Please transcribe exactly the lines from the line holding "Donkere mysterieuze heks" through the end of the data below, and skip any pictures.
-=-=-
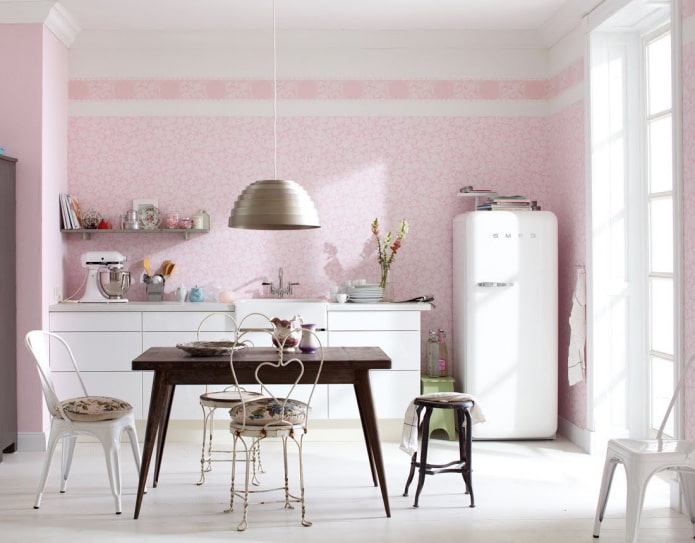 pareti rosa nell'interno della cucina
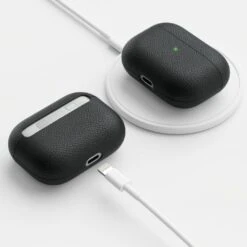 KeyBudz - PodSkinz Artisan Series Leather Case - Handcrafted Leather Case For Your Airpods Pro (Color: Black) -Elektronicawinkel keybudz podskinz artisan series leather case handcrafted leather case for your airpods pro color black 3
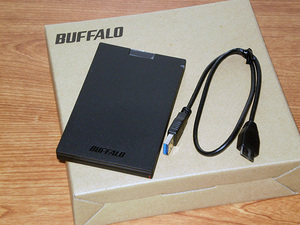 ★USB接続 外付け高速SSD 960GB★【 BUFFALO SSD-PGC960U3 】新同品 ★No.5XE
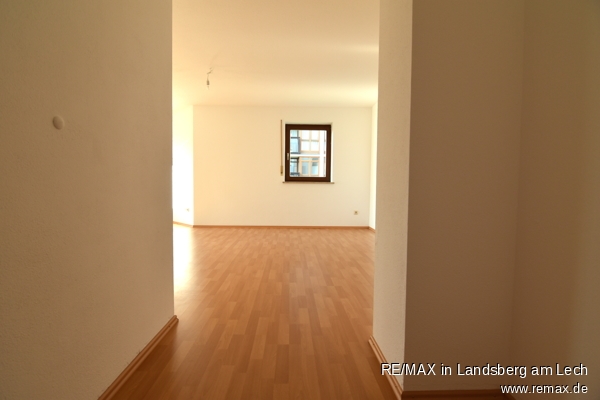 Flur zum Wohnzimmer Etagenwohnung Landsberg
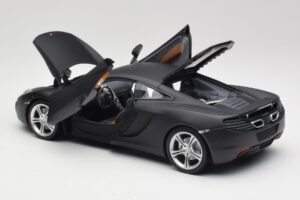 McLaren MP4-12C Matt Satellite Grijs Minichamps 1:18 110133024 Metaal — afbeelding 5 van 8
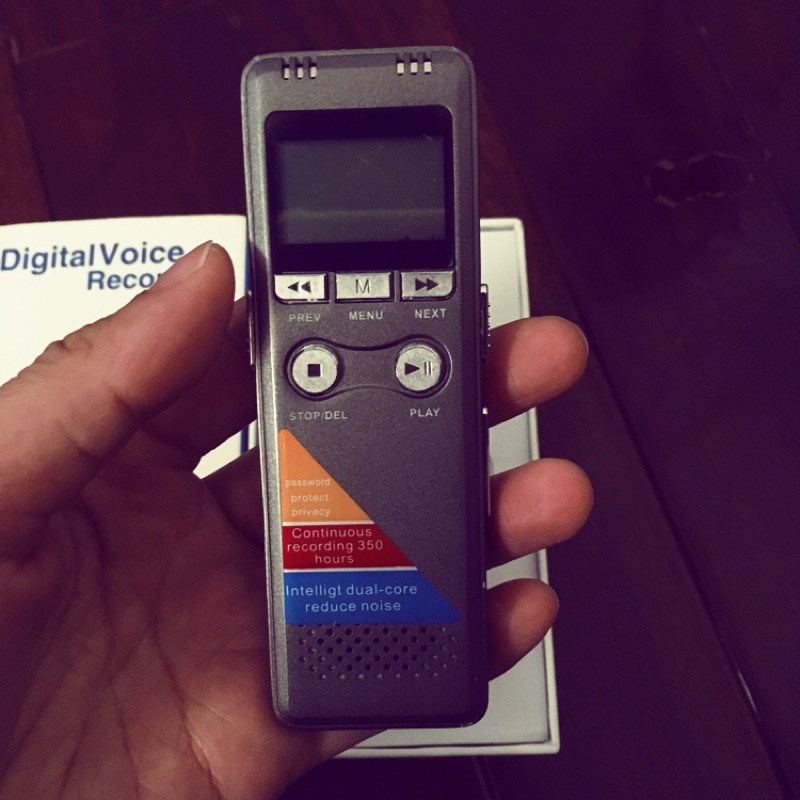 （現貨）燦坤 日本橋3C 錄音筆 8G 免插卡錄音筆 一鍵即錄 可充電 可當MP3 蒐證 練歌 KTV 播放音樂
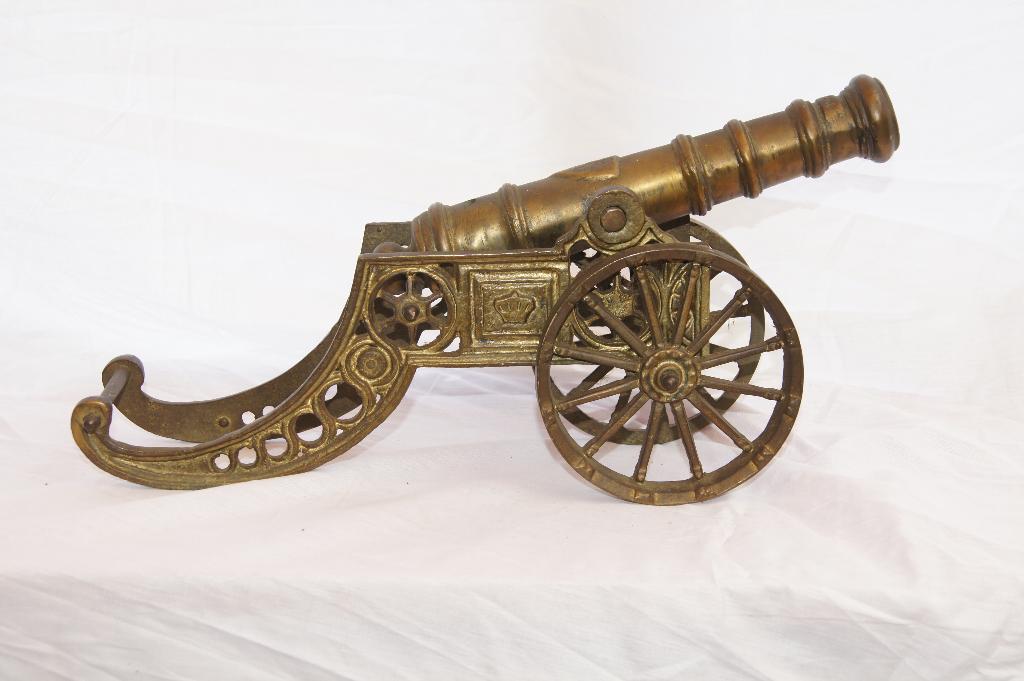 Kanon  ( Brons, Verzamelen, Ophalen of Verzenden, Landmacht, Nederland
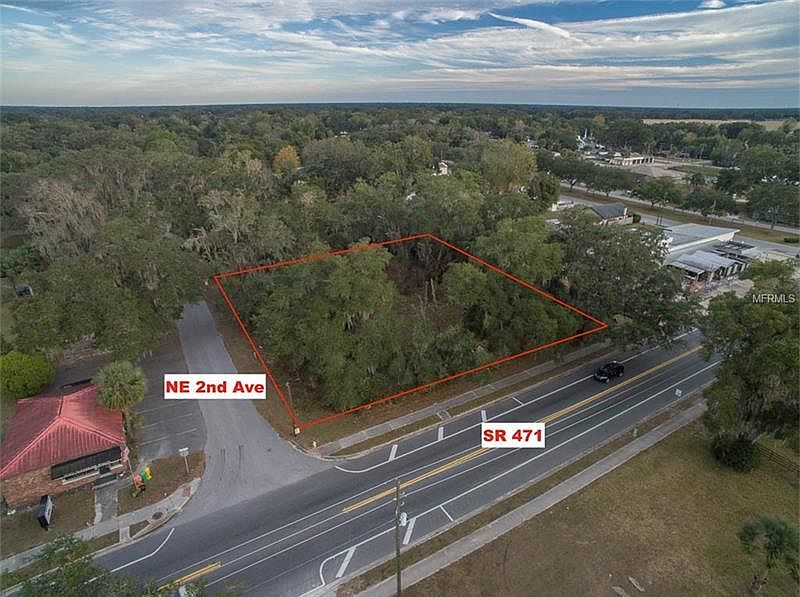 2nd image of 181 N Market Blvd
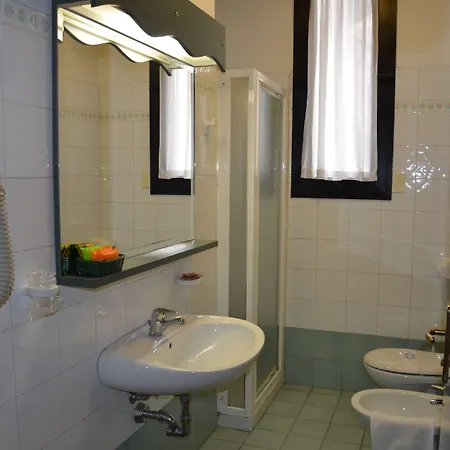 Hotell Alexander Fiorano Modenese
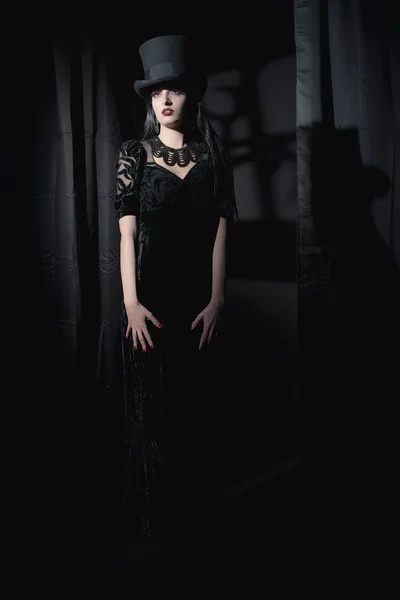 Donkere mysterieuze heks mode vrouw. — Stockfoto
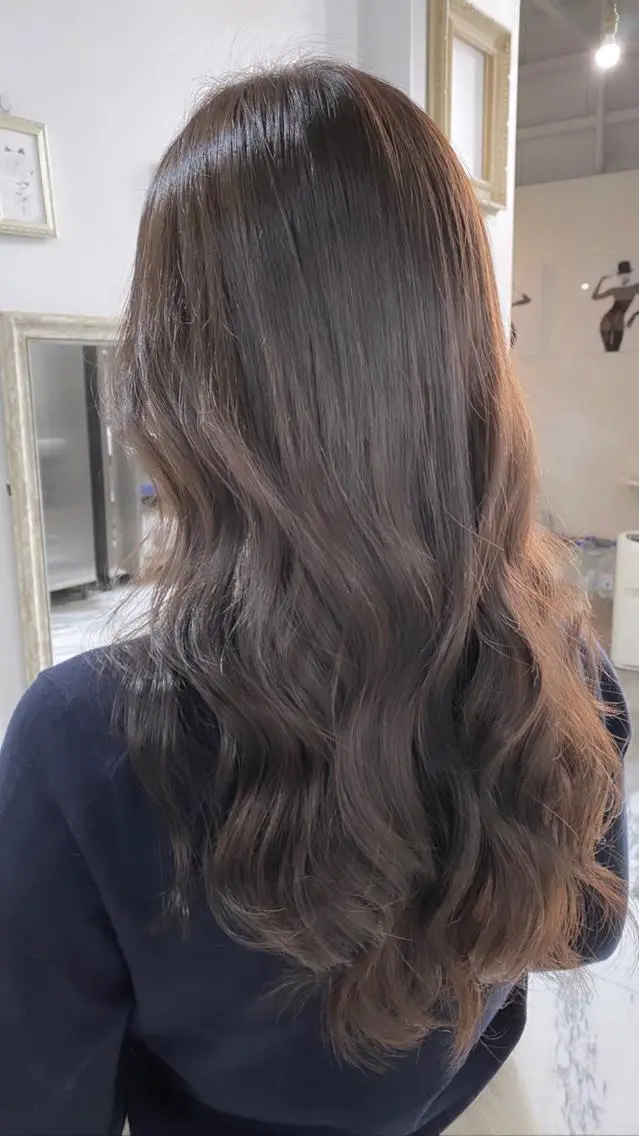 ロング カラー ヘアカラー トリートメント 👑圧倒的カラー👑 佐々木祐希のヘアスタイル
-=-=-
▶ SOLUTION FOR THIS PROBLEM
 Donkere mysterieuze heks mode vrouw. — Stockfoto
 ロング カラー ヘアカラー トリートメント 👑圧倒的カラー👑 佐々木祐希のヘアスタイル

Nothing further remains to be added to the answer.